The catch to this subtask is the constraint on M which is 500. It can only have at max 4 distinct prime factors.

**Approach**

Lets take a path consisting of 3 vertices in which we have one edge from 1 <-> 2 having weight 3 and another edge from 2 <-> 3 having weight 5. Let’s take M as 30. Then, it as three distinct prime factors {2,3,5} which means our path will be represented as a frequency list of these primes. In our case , the product of the weights on path is 3^1 * 5^1 = 15. So, it will be represented as {0,1,1}. In case, the product was 45, then also it would have been represented as {0,1,1}. We won’t let any frequency in frequency list of given exceed the corresponding frequency for M which is {1,1,1} because it will anyway be divisible.
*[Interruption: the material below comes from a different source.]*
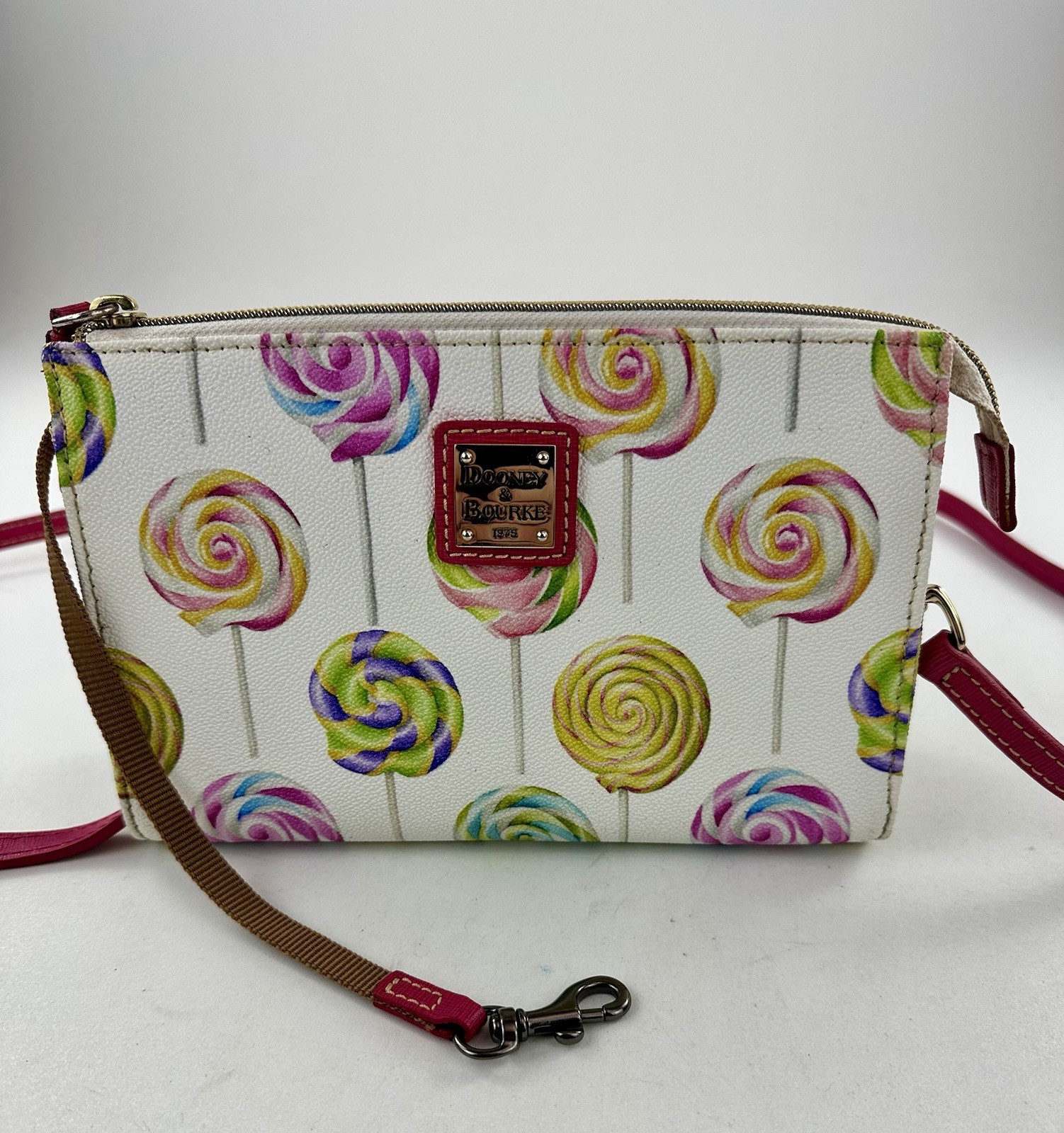 Dooney & Bourke Lollipop Swirl Crossbody Bag features a vibrant, candy-theme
At each vertex, we keep the count of distinct frequency lists of paths starting from itself and ending at any of the vertex present in its subtree.

For e.g :-

Consider that M = 120.

Then prime_factors = {2, 3, 5}. Now take a tree of the following form :-

5

1 2 4

1 3 3

1 4 5

3 5 10

The HashMap with key-value pair at vertex 1 will be of the following form where key represents the frequency list and value represents the count of that particular frequency list.

[ {2, 0, 0}, 1), ({0, 1, 0}, 1), ({1, 1, 1}, 1), ({0, 0, 1}, 1} ]

Now, the main task is to count the number of paths at each vertex and add it up to the final answer.

so, for each vertex, we need to consider it’s every child such that one part of the path goes through that child and the other path goes through some other child in its subtree.

Let’s say all the paths contributed by a particular child be stored in `map <vector <int>, int> child`

and all the paths contributed by parent without this particular child be sorted in `map <vector <int>, int>`

parent.

Let’s count the total paths such that one part of the path goes through that child and the other path goes through some other child in its subtree.

**Pseudo Code**

```
void count_it(map< vector<int>, int> parent, map< vector<int>, int> child)
{
map< vector<int>, int>::iterator it, iter;
for(it = parent.begin(); it!= parent.end(); ++it)
{
for(iter = child.begin(); iter!= child.end(); ++iter)
{
bool check = true;
for(int i = 0; i<prime_c.size();++i)
{
if((it->first[i]) + (iter->first[i]) < prime_c[i])
{
check = false;
break;
}
}
if(check)
total_ans += 1ll*(it->second) * (iter->second);
}
}
}
```

Here, prime_f and prime_c denote the prime factors of M and theiry frequency list respectively.

So, we are iterating all pairs of paths in both the HashMaps and we are checking if multiplying them both would lead to higher powers compared to the powers of all primes in frequency list of M. If thats the case, we can take one such path from parent and one such path from child. So, total number of ways will be Comb(paths_from_parent, 1) * Comb(paths_from_child,1).

For details on the implementation have a look at the tester’s solution.

### COMPLEXITY

Overall complexity should be around O(N*P) which is enough to pass all kinds of subtasks stated in the problem. Here, constant P is atmost 500.